The results of our multilocus phylogenetic investigation gave us some interesting new insights into the subgroup. We found support for the monophyly of the A. crassulus subgroup relative to other Anolis (as opposed to its paraphyly, as recovered in Poe et al. 2017), and the validity of all of its species (excepting the two we could not sample). Additionally, we recovered considerable overlooked diversity within this subgroup. Anolis crassulus itself represents at least four lineages corresponding to distribution: the Chortis Highlands of Honduras, the Salvadoran Cordillera, Guatemala, and Chiapas, Mexico. Surprisingly, the sample from Chiapas previously used in many phylogenies was recovered as an undescribed lineage sister to A. anisolepis, not conspecific with any of the four A. crassulus lineages, including another Chiapan lineage. We also recovered the widely-used “A. sminthus” sample (which was previously hypothesized by McCranie and Kohler (2015) as representing an undescribed lineage more closely related to A. crassulus) as an undescribed lineage sister to A. morazani, and found additional mitochondrial lineages within A. heteropholidotus and A. rubribarbaris. Diversification within the group was estimated to have started in the early Miocene in the Chortis Highlands (supporting the results of Nicholson et al. 2017), with the Honduran population of A. crassulus diverging from the other three lineages approximately 13 MYA.
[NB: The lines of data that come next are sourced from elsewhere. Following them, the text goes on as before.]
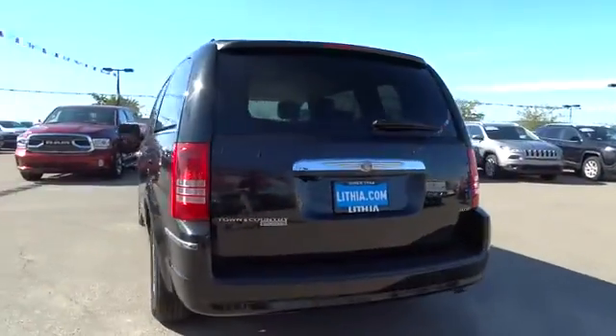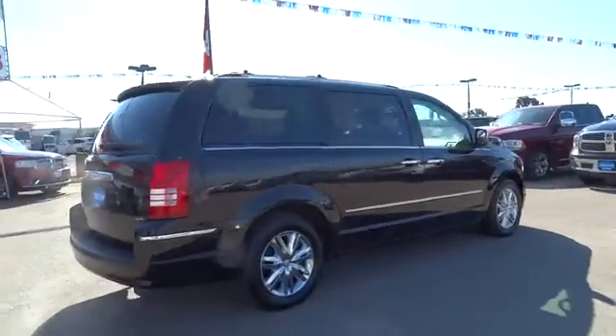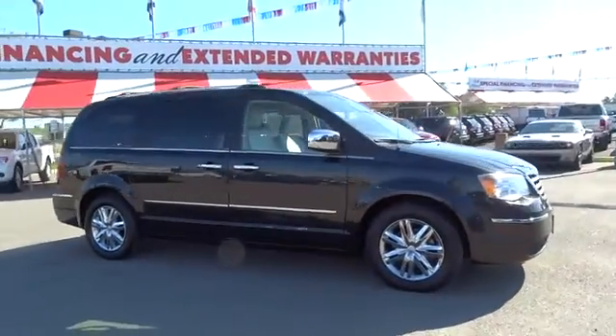Seat 7 comfortably and choose from stow-and-go seating or the innovative swivel-and-go seating. This vehicle has less than 85,000 miles. Here are some of this vehicle's great options.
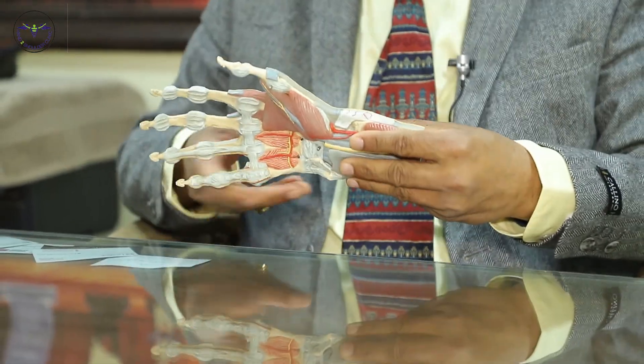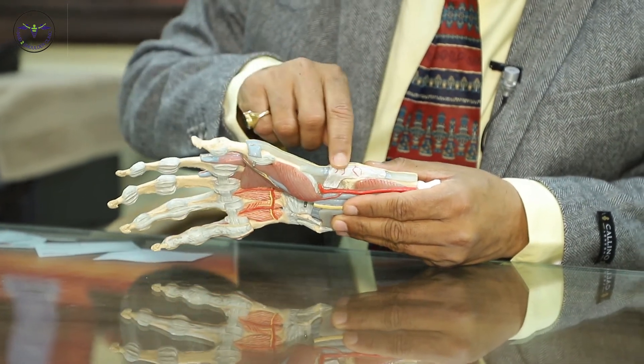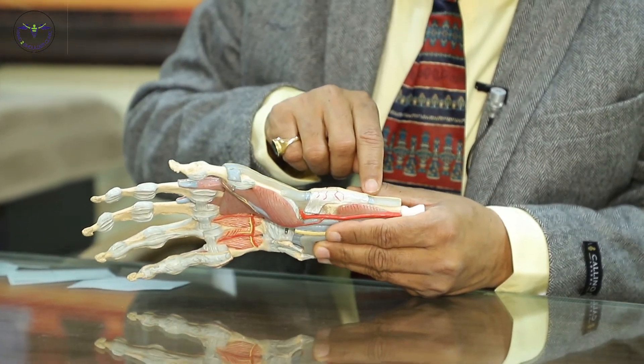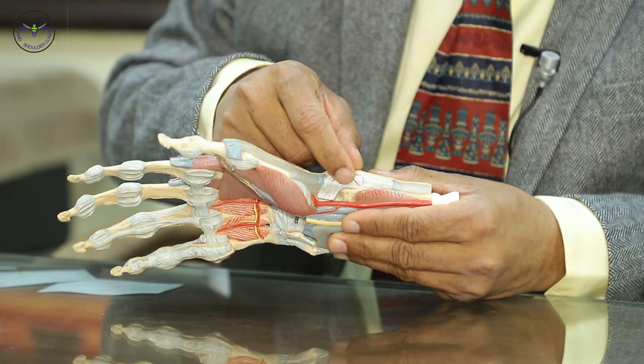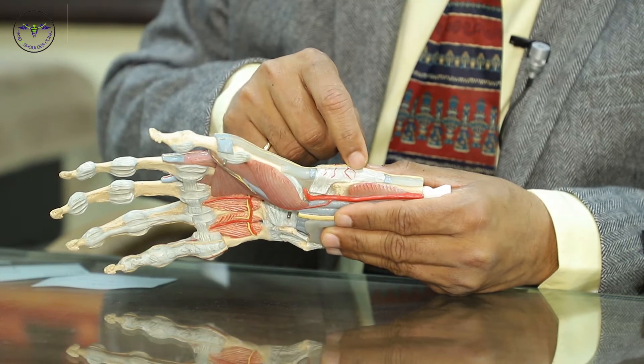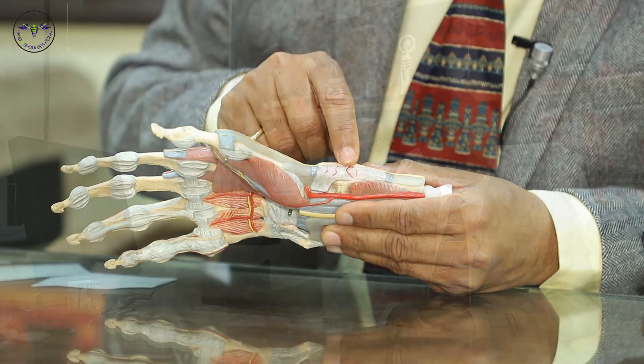If we see the same thing on a model — you can see this is the tendon which moves the wrist, which goes under the pulley. Whenever there is a fluid collection or inflammation, the movement of the tendon is restricted, so whenever there is movement of the wrist, the pain increases.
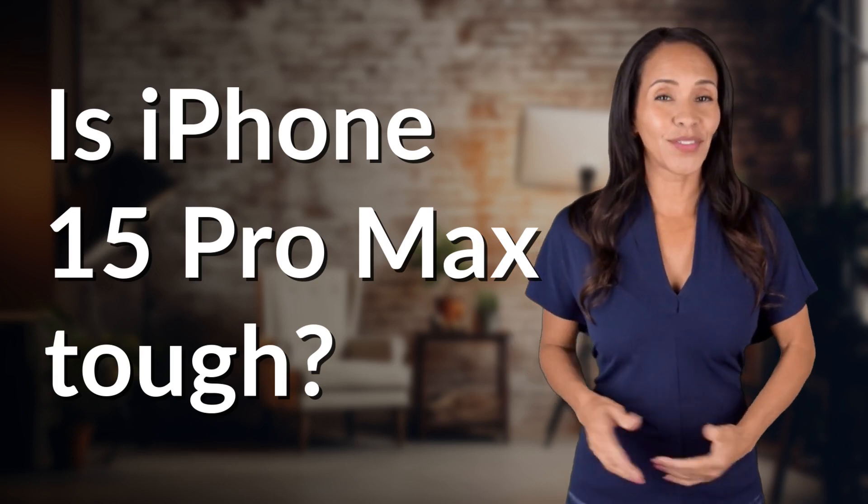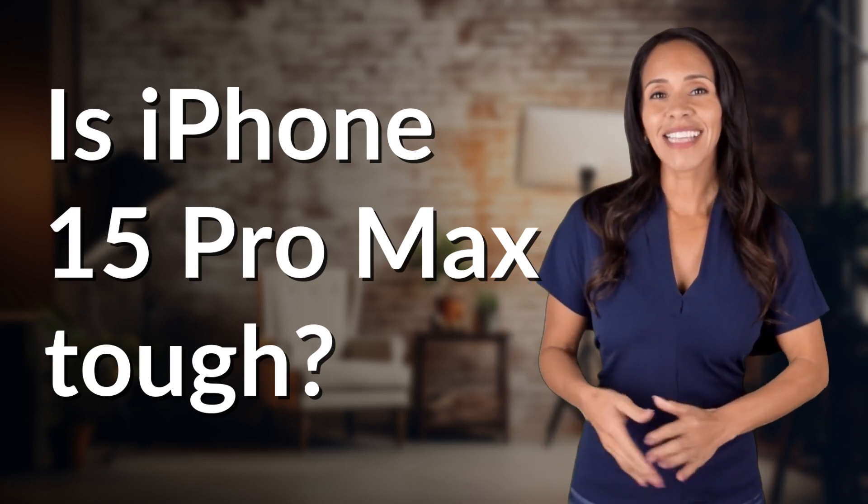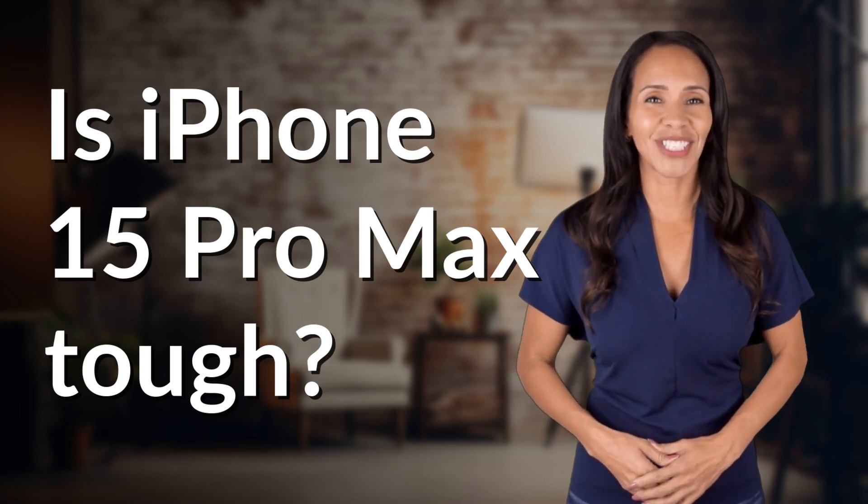Feeding your curiosity, fueling our passion, let's satisfy our quest for knowledge with today's question.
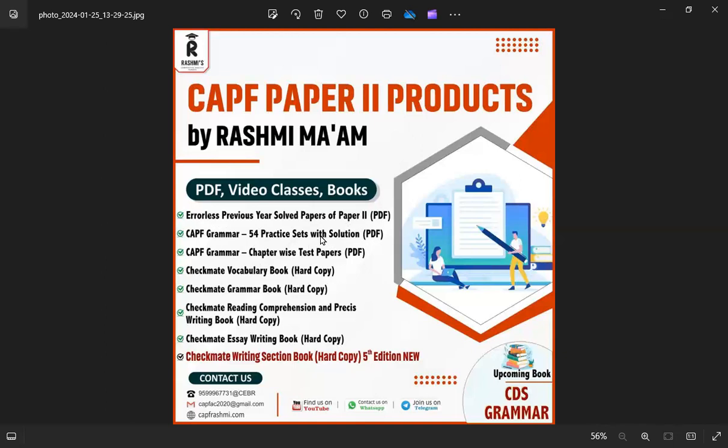According to the CPF pattern, you will be asked 25 grammar questions. You will have 54 practice sets. You can practice the questions and attempt them.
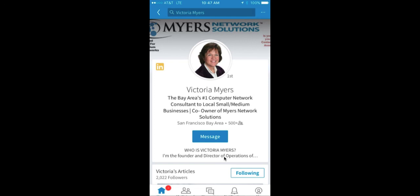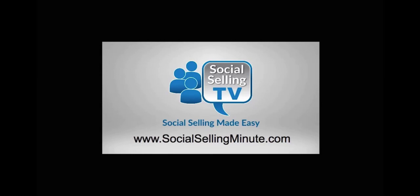Go ahead and implement those tips. As LinkedIn rolls out more updates, I'll keep you updated with more videos like this. Go to tedpodromo.com or socialsellingminute.com — we have lots of great information about how to keep your LinkedIn profile up to date and relevant. For more free training, visit socialsellingminute.com.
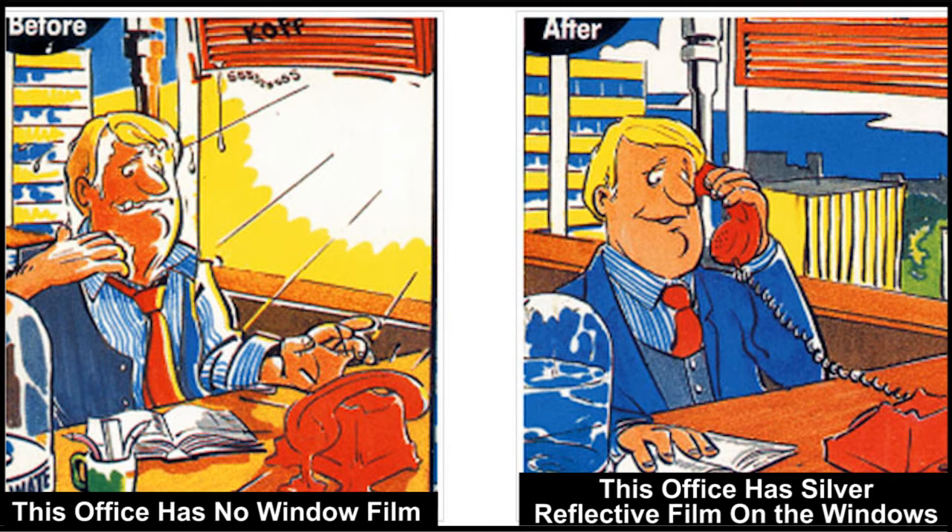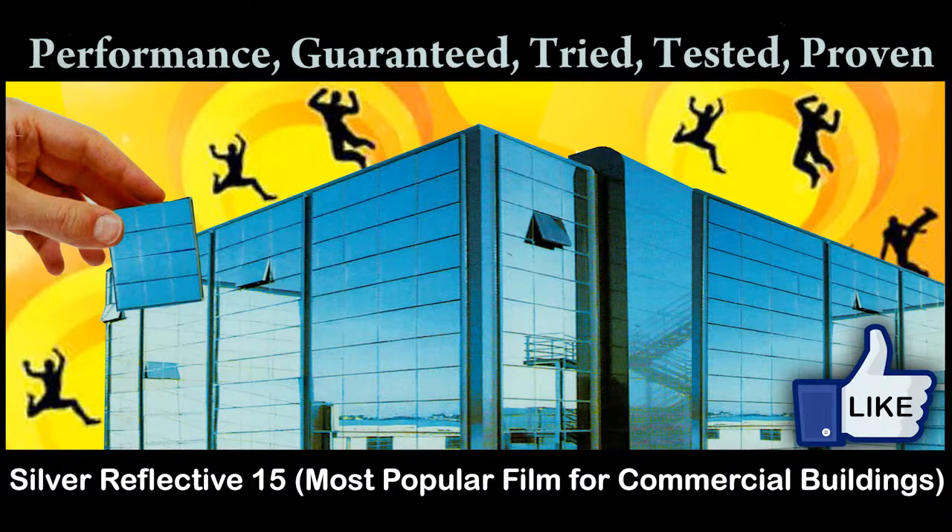The look from the inside through a Silver 15 Reflective Film is a natural blue tint. However, from the outside, the windows have a reflective silver look. These films are manufactured with coated aluminium vaporised onto the film. This silver reflective aluminium coating, in conjunction with the daylight on the outside of the window, creates the mirror appearance.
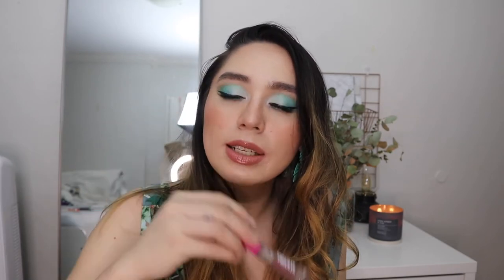This one is the NYX Thick It Stick It brow gel. People with thinner brows might not enjoy this, but I have thick, full brows and I love it. It's in the color Taupe. I don't use it to deposit color — I have an H&M pencil for that — but I use this to keep my brows combed in exactly the place I want. It stays in place all day. So far it's my favorite drugstore brow gel.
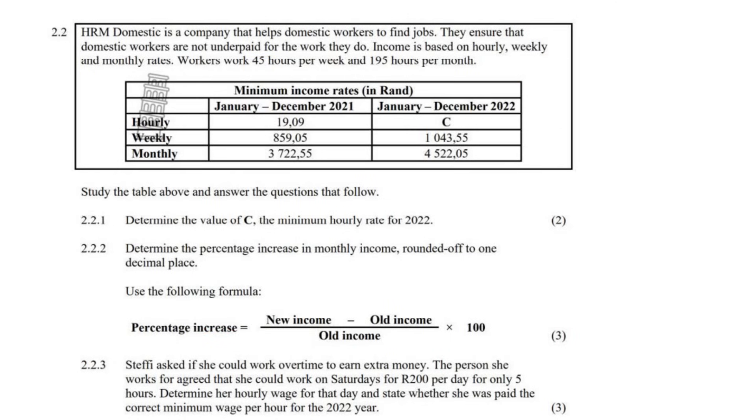HRM Domestic is a company that helps domestic workers find jobs. They ensure that domestic workers are not underpaid for the work that they do. Income is based on hourly, weekly, and monthly rates. Workers work 45 hours per week and 195 hours per month.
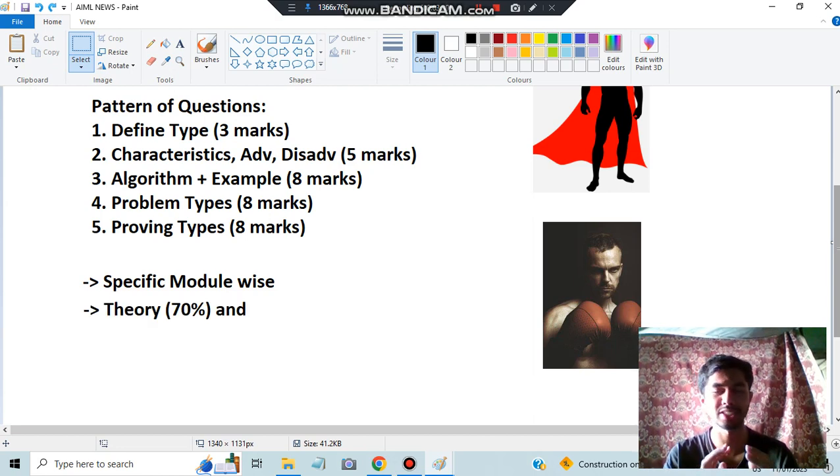Theory will be almost 70 percent and the numericals will be around 30 percent. In most of the previous papers I've observed these types of questions and problems, and based on that I have designed a pattern which I'll be showing you in the upcoming video.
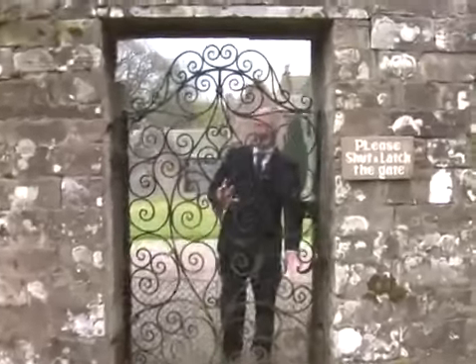Hi, I'm Paul. Welcome to Guthrie Castle. I'm the manager here and I'm going to show you around.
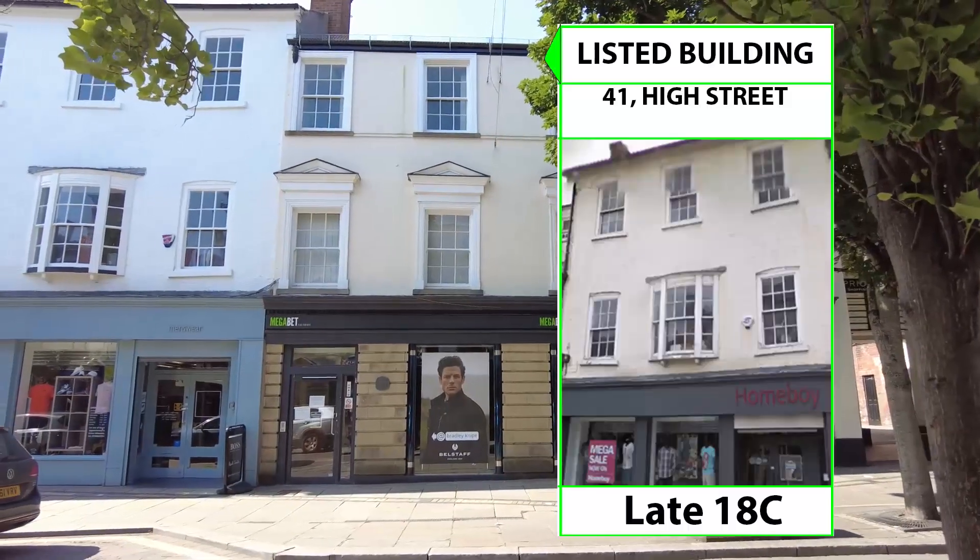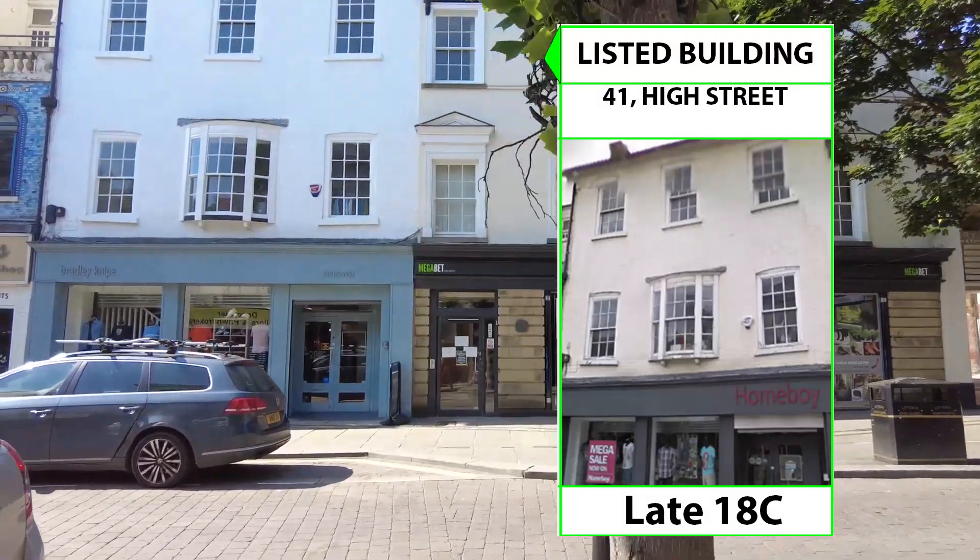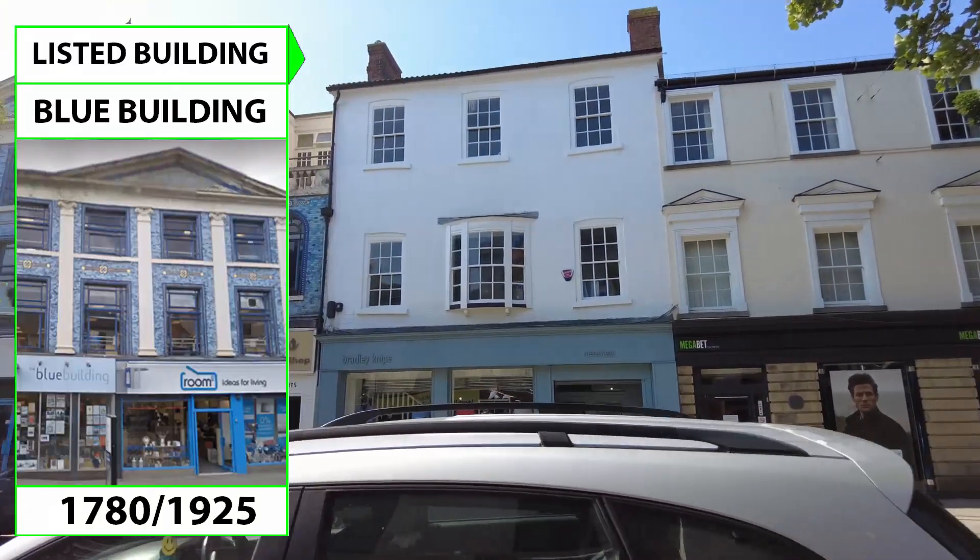On the right-hand side, number 41 High Street was built in the late 18th century, followed by the magnificent blue building dated 1780.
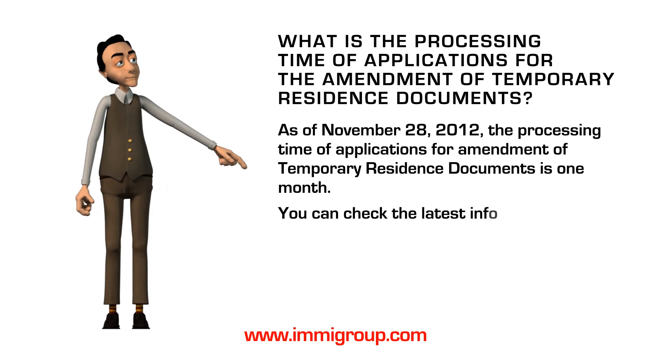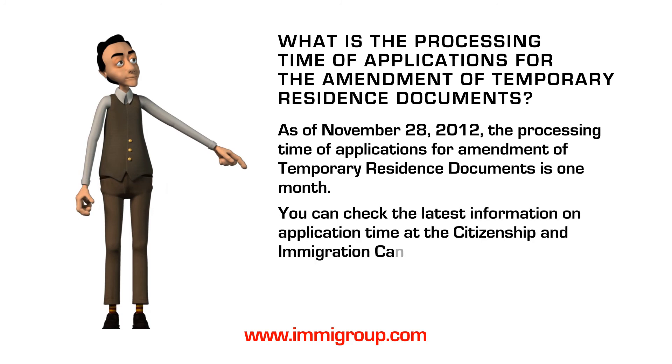You can check the latest information on application time at the Citizenship and Immigration Canada website by following the link below.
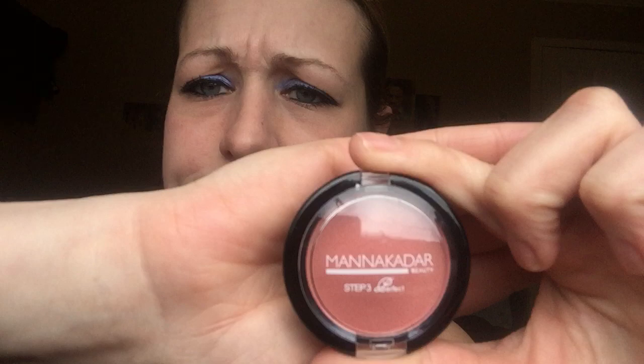I did see this coming — it's a deluxe sample. It's the Mana Kadar beauty blush in the shade Bali Babe.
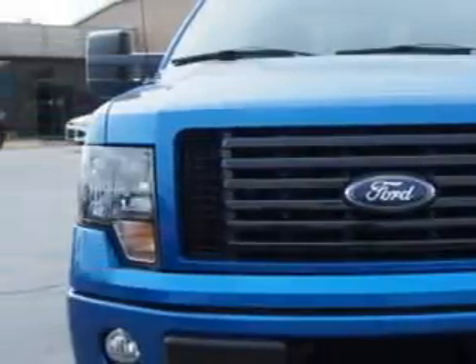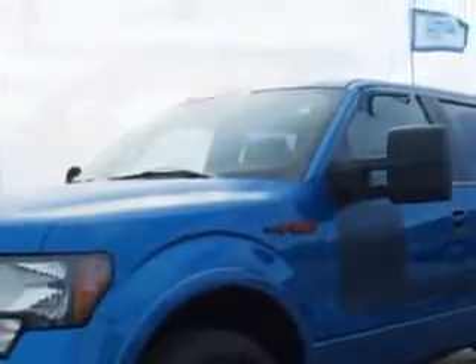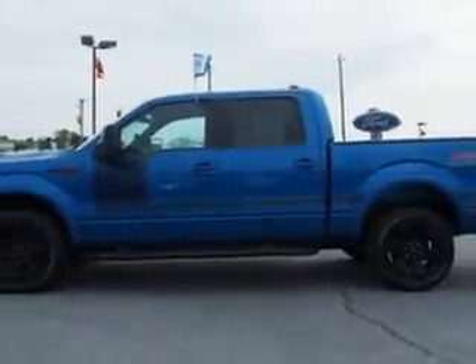You will love this Blue Flame 2012 Ford F-150 SuperCrew 4x4, equipped with a 6-cylinder engine and an automatic transmission.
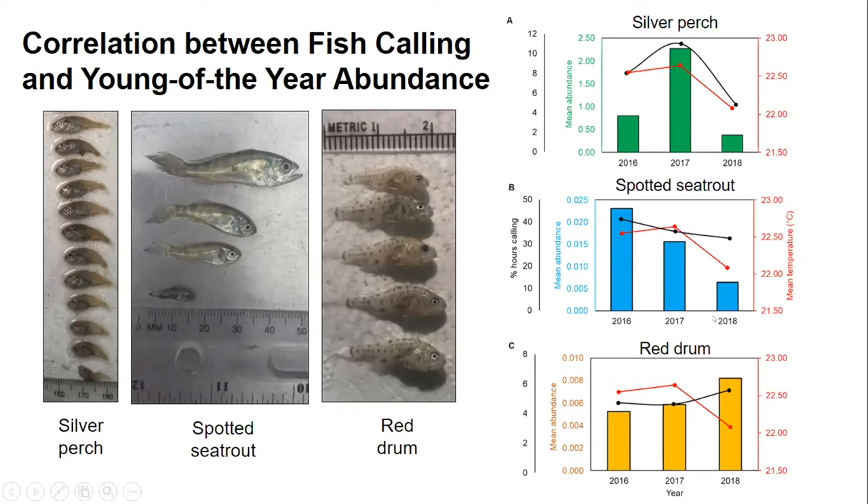What was very interesting is that 2018 was a very cold year. For red drum, which tend to chorus in the fall, we actually saw more calling in 2018, which was a cooler fall. We detected more hours of chorusing of red drum and more red drum in our seines, which followed the cooler temperature pattern — as expected.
Given the relatively deep divergence times within this group when compared with the apparent lack ecological and morphological diversification, we hypothesized that this subgroup represents a non-adaptive radiation, though extensive study is necessary to determine if these traits are as conserved as they appear. A taxonomic revision of the Chortis Highland population of Anolis crassulus is being finalized, but a great deal of work remains in order to improve our understanding of these highland anoles.